Pull out of the data below the stretch of lines bounded by the one containing "Todagawa Ryokuchi Park image" and the one containing "日本日本九州熊本福岡|五天四夜自由行,交通、景點、飯店推薦懶人包", both bounds included, unchanged.
BEGIN Task data
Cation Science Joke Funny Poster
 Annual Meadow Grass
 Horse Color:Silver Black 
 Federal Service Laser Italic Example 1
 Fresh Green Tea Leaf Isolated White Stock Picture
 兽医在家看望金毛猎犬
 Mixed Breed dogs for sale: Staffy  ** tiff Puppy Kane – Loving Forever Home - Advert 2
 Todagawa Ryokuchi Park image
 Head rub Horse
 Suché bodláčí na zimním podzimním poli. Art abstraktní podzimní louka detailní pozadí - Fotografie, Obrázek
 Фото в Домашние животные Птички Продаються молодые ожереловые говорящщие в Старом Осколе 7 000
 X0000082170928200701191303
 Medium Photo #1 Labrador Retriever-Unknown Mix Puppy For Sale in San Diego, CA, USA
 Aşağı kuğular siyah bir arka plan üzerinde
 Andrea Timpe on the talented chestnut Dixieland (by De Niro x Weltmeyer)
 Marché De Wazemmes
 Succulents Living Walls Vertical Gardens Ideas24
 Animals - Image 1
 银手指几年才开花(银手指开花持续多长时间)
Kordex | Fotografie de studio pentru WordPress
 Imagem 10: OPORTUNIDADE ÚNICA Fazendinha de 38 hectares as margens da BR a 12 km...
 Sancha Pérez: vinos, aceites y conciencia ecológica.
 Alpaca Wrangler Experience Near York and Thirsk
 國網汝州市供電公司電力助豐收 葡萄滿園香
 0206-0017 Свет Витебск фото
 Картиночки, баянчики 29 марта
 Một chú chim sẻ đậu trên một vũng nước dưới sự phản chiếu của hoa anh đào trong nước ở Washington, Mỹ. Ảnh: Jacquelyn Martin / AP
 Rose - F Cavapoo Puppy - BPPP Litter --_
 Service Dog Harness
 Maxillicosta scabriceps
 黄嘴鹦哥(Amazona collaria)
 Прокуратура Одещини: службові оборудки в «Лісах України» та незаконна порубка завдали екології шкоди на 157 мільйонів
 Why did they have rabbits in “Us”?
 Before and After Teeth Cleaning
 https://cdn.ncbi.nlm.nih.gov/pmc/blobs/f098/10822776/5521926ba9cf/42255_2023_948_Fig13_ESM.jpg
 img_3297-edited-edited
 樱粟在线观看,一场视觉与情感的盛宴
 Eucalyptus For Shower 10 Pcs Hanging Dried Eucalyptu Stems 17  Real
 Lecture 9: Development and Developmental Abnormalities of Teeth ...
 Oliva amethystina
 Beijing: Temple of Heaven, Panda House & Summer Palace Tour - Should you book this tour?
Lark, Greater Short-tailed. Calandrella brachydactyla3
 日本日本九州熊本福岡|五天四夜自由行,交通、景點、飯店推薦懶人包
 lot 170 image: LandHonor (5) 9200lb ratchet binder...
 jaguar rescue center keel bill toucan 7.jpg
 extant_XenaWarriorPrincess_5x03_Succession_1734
END Task data
▶ _Exercise response_:
 Todagawa Ryokuchi Park image
 Head rub Horse
 Suché bodláčí na zimním podzimním poli. Art abstraktní podzimní louka detailní pozadí - Fotografie, Obrázek
 Фото в Домашние животные Птички Продаються молодые ожереловые говорящщие в Старом Осколе 7 000
 X0000082170928200701191303
 Medium Photo #1 Labrador Retriever-Unknown Mix Puppy For Sale in San Diego, CA, USA
 Aşağı kuğular siyah bir arka plan üzerinde
 Andrea Timpe on the talented chestnut Dixieland (by De Niro x Weltmeyer)
 Marché De Wazemmes
 Succulents Living Walls Vertical Gardens Ideas24
 Animals - Image 1
 银手指几年才开花(银手指开花持续多长时间)
Kordex | Fotografie de studio pentru WordPress
 Imagem 10: OPORTUNIDADE ÚNICA Fazendinha de 38 hectares as margens da BR a 12 km...
 Sancha Pérez: vinos, aceites y conciencia ecológica.
 Alpaca Wrangler Experience Near York and Thirsk
 國網汝州市供電公司電力助豐收 葡萄滿園香
 0206-0017 Свет Витебск фото
 Картиночки, баянчики 29 марта
 Một chú chim sẻ đậu trên một vũng nước dưới sự phản chiếu của hoa anh đào trong nước ở Washington, Mỹ. Ảnh: Jacquelyn Martin / AP
 Rose - F Cavapoo Puppy - BPPP Litter --_
 Service Dog Harness
 Maxillicosta scabriceps
 黄嘴鹦哥(Amazona collaria)
 Прокуратура Одещини: службові оборудки в «Лісах України» та незаконна порубка завдали екології шкоди на 157 мільйонів
 Why did they have rabbits in “Us”?
 Before and After Teeth Cleaning
 https://cdn.ncbi.nlm.nih.gov/pmc/blobs/f098/10822776/5521926ba9cf/42255_2023_948_Fig13_ESM.jpg
 img_3297-edited-edited
 樱粟在线观看,一场视觉与情感的盛宴
 Eucalyptus For Shower 10 Pcs Hanging Dried Eucalyptu Stems 17  Real
 Lecture 9: Development and Developmental Abnormalities of Teeth ...
 Oliva amethystina
 Beijing: Temple of Heaven, Panda House & Summer Palace Tour - Should you book this tour?
Lark, Greater Short-tailed. Calandrella brachydactyla3
 日本日本九州熊本福岡|五天四夜自由行,交通、景點、飯店推薦懶人包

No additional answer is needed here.